O guia Gambero Rosso é o equivalente italiano do Michelin. Rigoroso, definitivo, surpreendente, criativo e um dos que mais atentam para o surgimento – ou o desaparecimento – de tendências. Seus jurados são conhecidos como inspetori. Um deles, o romano Nicola Massa, mora no Brasil e, entre as viagens que faz frequentemente à Itália ou pelo Brasil – é também embaixador de vinhos da Toscana e da Sicília -, ele concedeu esta entrevista exclusiva para Eatin’Out. Mas o próprio entrevistado avisa: a expressão inspetor pode não ser adequada. “Há prova, não inspeção. E buscamos acertos, não erros”, revela, resumindo em uma frase o objetivo de sua função.
Quais os primeiros passos na gastronomia?

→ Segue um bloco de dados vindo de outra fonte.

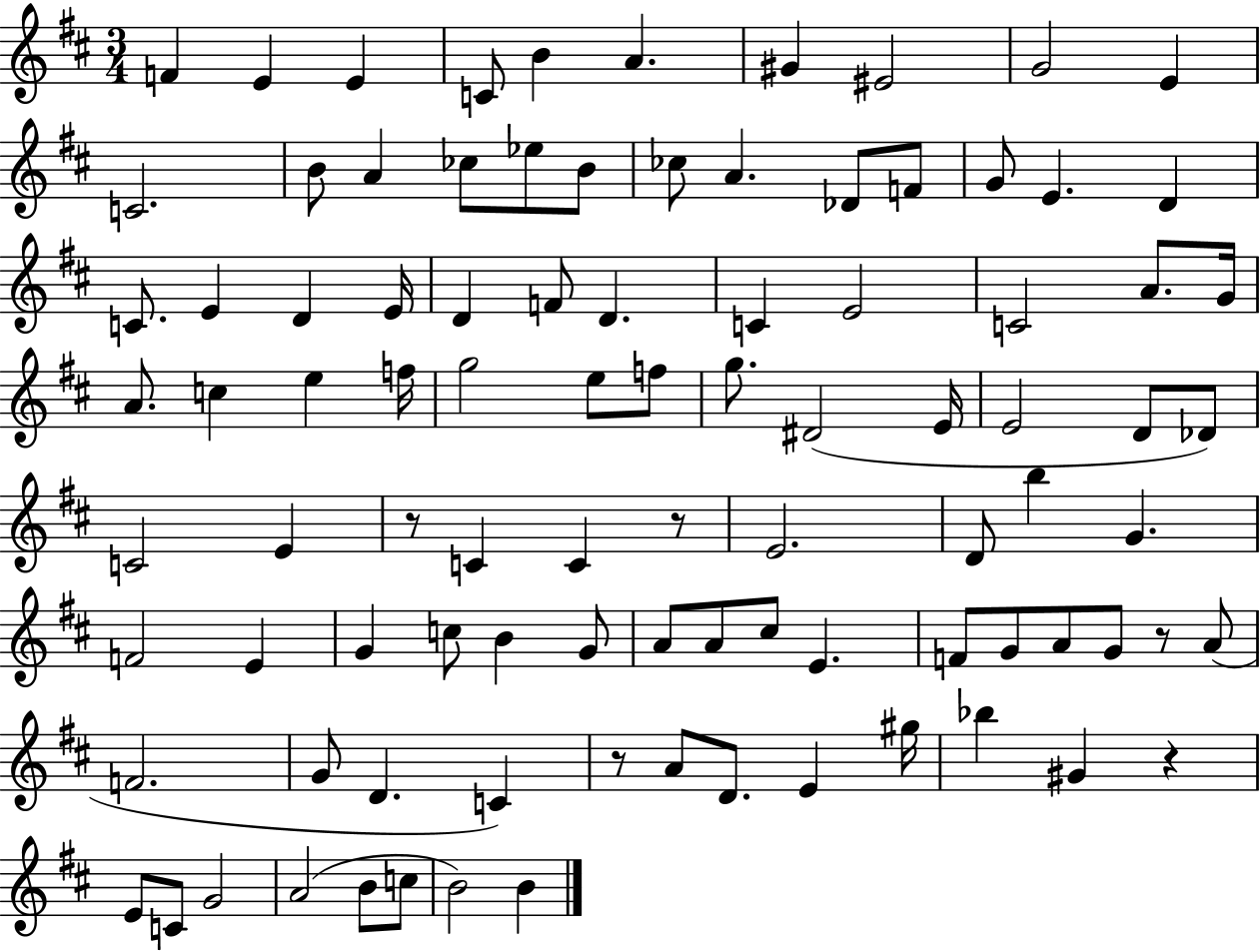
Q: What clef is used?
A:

Comecei cedo, por volta dos 10 anos. Era filho único e com os pais trabalhadores muitas vezes ficava em casa sozinho, e morando num condomínio na cidade de Roma, convidava amigos à tarde ou à noite para oferecer comidas que cozinhava, geralmente, massas obviamente. Meu primeiro livro de receitas minha avó napolitana me deu: Talismano della Felicità, um grande clássico na Itália. Quando tinha 16 anos, em vez de ir à boate, saía à noite para jantar com um amigo em restaurantes de alto nível. Lembro, ainda, a cara dos donos desses restaurantes, vendo aqueles dois garotos jantando ali. Esta situação era bem divertida.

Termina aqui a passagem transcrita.